Maximilian Leon Dubrawski (Максиміліан Леон Дубравський; born 1 July 1949) is the Roman Catholic bishop of Kamianets-Podilskyi.

==Life==
Dubrawski was born near Zhytomyr, present day Ukraine. In 1978 he entered the seminary in Riga. On 31 August 1982 he joined the Franciscan Order (then province Bernardine). He was ordained on 29 May 1983 in Riga, Latvia from Cardinal Julijans Vaivods. On 21 August 1986 he made his final vows. From 1983 to 1993 Dubrawski was pastor in Khmilnyk and the superior of the Custody of the Holy Franciscan Order of St. Michael the Archangel (Bernardine) in Ukraine.

On 7 April 1998 he was appointed as auxiliary bishop in Kamianets-Podilskyi.
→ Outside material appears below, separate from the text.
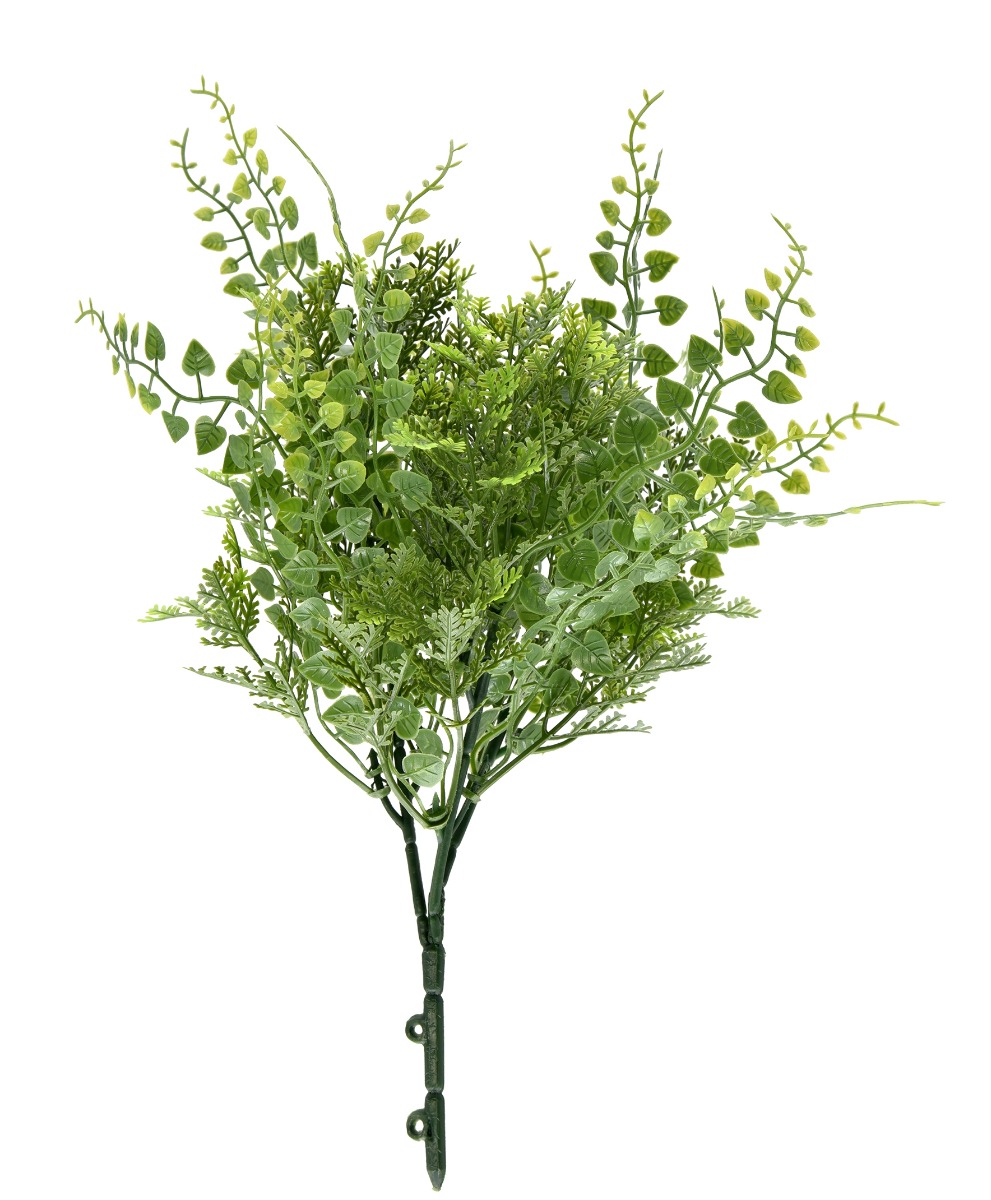 Artificial Mixed Fern Bush Green UV Protected 30cm-0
On 27 June 1998, received episcopal consecration at the hands of Cardinal Marian Jaworski. After the acceptance of the resignation of Bishop Jan Olszanski on 4 May 2002 he was appointed bishop - the Bishop of Kamianets-Podilskyi. In 2008 he was appointed vice chairman of the Ukrainian Episcopate.

His episcopal motto is "Pax et bonum" - Peace and Good.